- Born: January 9, 1886 Philadelphia, Pennsylvania, U.S.
- Died: May 17, 1969 (aged 83) New York City, New York, U.S.
- Other names: Bugs Baer
- Occupations: Journalist, humorist

= Arthur "Bugs" Baer =

American cartoonist

Arthur "Bugs" Baer (January 9, 1886 - May 17, 1969) was an American journalist, sportswriter, and humorist—widely credited with coining the nickname “Sultan of Swat” for Babe Ruth. Baer who often included his own cartoons with his articles.

He was known for his clever, sometimes suggestive, quips, such as one praising pitcher Allen Sothoron: "Allan S. Sothoron pitched his initials off today."

==Early life==
Baer was born in Philadelphia, Pennsylvania, the seventh of 14 children born to immigrants from Alsace-Lorraine. He left school at age 14 to work, attended art school, and designed lace on a wage of $12 a week. One article from 1918 lists Baer as a notable graduate of the Field Artillery Officers' Training School in Camp Zachary Taylor. Baer also contributed to the 1919 book F.A.C.O.T.S. - The Story of the Field Artillery Central Officers Training School.

A 1921 article shows that Baer played on the New York Newspaper Golf Club team in an intercity New York-Boston journalists' golf match.

== Career ==
Baer began his career in journalism as an artist with the Philadelphia Public Ledger and later worked for other papers before working as a sports journalist for the Washington Times, where he drew cartoons of a "baseball-bodied insect" named "Bugs." Baer was thereafter known as "Bugs," insisting upon being referred to by this nickname.
One of his famous jokes involved Gavvy Cravath, a Phillies player who, on June 23, 1919, was caught attempting to steal second base. Baer quipped that "his head was sure full of larceny, but his feet were honest."
-a joke that amused William Randolph Hearst so much that he hired Baer to work for the New York American.

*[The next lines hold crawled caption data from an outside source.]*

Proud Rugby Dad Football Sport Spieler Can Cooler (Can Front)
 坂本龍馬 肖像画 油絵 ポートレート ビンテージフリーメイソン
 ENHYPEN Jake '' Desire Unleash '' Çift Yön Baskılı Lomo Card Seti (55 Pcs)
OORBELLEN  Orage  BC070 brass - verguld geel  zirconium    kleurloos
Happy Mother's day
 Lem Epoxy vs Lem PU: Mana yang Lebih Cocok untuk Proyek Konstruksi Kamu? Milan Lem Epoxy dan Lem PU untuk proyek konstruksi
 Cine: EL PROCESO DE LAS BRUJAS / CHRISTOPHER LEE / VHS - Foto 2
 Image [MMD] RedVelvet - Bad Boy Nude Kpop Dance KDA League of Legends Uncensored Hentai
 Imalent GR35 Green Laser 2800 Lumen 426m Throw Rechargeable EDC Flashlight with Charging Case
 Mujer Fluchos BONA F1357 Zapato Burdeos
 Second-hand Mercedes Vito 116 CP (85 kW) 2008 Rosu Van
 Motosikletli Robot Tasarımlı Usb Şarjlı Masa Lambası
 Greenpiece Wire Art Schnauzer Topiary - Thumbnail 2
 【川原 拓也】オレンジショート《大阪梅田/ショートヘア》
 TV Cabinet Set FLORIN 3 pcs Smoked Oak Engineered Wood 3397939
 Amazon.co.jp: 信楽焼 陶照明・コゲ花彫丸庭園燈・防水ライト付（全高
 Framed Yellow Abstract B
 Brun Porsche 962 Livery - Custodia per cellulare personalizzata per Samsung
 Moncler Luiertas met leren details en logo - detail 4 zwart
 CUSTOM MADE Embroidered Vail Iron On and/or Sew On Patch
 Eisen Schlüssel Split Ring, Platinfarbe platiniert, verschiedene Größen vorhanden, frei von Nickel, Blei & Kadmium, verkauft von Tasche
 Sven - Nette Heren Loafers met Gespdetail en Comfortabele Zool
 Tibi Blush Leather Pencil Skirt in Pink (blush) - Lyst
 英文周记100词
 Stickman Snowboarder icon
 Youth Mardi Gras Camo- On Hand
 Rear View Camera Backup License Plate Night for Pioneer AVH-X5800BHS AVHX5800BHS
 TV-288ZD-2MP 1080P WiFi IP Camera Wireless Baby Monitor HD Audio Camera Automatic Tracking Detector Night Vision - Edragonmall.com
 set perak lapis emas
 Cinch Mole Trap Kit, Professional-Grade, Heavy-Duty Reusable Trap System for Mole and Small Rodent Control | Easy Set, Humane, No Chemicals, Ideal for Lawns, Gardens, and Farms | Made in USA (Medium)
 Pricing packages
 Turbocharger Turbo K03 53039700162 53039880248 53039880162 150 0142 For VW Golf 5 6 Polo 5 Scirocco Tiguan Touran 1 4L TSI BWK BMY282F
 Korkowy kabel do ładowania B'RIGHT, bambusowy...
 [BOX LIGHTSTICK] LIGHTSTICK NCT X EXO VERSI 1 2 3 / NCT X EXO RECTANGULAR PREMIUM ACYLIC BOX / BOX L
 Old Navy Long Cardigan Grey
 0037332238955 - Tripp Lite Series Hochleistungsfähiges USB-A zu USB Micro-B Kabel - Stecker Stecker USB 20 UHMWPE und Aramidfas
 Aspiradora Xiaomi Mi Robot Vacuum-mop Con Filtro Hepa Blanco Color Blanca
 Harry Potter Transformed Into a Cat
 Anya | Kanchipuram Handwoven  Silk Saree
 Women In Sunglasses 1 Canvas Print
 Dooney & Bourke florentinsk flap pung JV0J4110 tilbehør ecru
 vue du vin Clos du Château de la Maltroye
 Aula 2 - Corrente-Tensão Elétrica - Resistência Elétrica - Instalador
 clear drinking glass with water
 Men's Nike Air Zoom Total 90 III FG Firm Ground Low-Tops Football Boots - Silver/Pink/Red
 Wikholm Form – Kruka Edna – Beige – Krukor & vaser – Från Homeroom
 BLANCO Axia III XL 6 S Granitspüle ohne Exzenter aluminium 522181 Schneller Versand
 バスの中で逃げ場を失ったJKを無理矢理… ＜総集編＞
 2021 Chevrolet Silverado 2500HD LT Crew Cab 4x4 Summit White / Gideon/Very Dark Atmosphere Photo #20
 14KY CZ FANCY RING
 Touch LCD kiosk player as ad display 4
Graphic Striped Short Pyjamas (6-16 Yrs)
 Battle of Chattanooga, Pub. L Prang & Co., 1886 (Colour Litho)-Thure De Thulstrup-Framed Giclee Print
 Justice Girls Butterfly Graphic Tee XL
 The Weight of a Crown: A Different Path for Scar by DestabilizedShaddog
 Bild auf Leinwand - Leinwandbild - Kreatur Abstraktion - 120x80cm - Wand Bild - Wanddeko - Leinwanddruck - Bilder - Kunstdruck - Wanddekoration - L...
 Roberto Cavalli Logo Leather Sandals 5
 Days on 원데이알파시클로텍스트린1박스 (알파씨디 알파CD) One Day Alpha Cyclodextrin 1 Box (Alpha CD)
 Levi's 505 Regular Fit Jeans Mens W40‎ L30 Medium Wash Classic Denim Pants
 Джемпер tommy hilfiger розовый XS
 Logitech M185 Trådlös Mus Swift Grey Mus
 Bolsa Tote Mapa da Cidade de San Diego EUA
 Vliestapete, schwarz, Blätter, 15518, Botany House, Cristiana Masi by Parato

Baer was active on Broadway in the 1920s. Among his many credits, he co-authored the third "George White's Scandals" review in 1923, with George White as writer and George Gershwin as a composer. For the new motion picture industry, he wrote the only movie for Babe Ruth in which Ruth played himself. As a ghostwriter, he wrote the continuity for the Mutt and Jeff comic strip for two years in the 1920s. He also served as emcee for various appearances and shows by the syndicated newspaper cartoonists.

== Personal life ==
Baer married twice. His first wife, Marjorie Cassidy, died from typhoid fever two years after their first Arthura "Atra" was born. His second wife, Louise Andrews, mother of his son, Arthur Bugs Baer, Jr., was a Ziegfeld Follies girl who became one of the first fund-raisers for heart disease research. She was president-elect of the American Heart Association on her death from heart illness in 1950.

Baer rubbed elbows with the likes of Marilyn Monroe, Lou Gehrig, Milton Berle, Bob Considine, Jack Dempsey, and more. He was friends with the likes of Gershwin, the great comedian and entertainer Ed Sullivan, cartoonist George McManus, crusty columnist Damon Runyon, and Robert Ripley of "Ripley's Believe It or Not!" amongst many others. Ripley was a close friend to the end, punctuated by Baer serving as pal bearer at Ripley's funeral. Baer became a regular at the midtown speakeasy "Club Intime" run by the larger-than-life hostess Texas Guinan (known her signature greeting to patrons, "Hello Sucker!"

Baer died at age 83 at New York Hospital on May 17, 1969. He was survived by his daughter Atra Cavataro nee Baer and son, Arthur Bugs Baer, Jr., as well as seven grandchildren.

Atra was a gifted musician, journalist, and speech writer. She also penned screenplays, songs and operas. She was the goddaughter of New York City Mayor James J. "Jimmy" Walker. Atra was a reporter for the Journal American newspaper for close to 30 years, often collaborating with other editorial staff, including Ed Sullivan, Dorothy Kilgallen, Jimmy Breslin, and Jack O'Brien. Friend and retired New York Times writer Rita Reif recalls Atra as being "the most gifted writer at the Journal-American - and that's saying a lot because her father also worked there." Atra interviewed the likes of Elvis Presley, Shirley Temple, Marilyn Monroe, Judy Garland, and Chubby Checker. In 1967, Atra was a two-day champion on the then nascent television program "Jeopardy!" She went on to be a speechwriter for three New York City mayors, including Abe Beame, David Dinkins, and Ed Koch, the later for his 12 years in office. Mayor Koch was often heard in his office exclaiming, "let's give them another funny one, Atra!" referring to the speeches she would pen for him.

Bugs Jr. graduated from Harvard College and Harvard Business School and became an investment manager, venture capitalist, and yacht racer.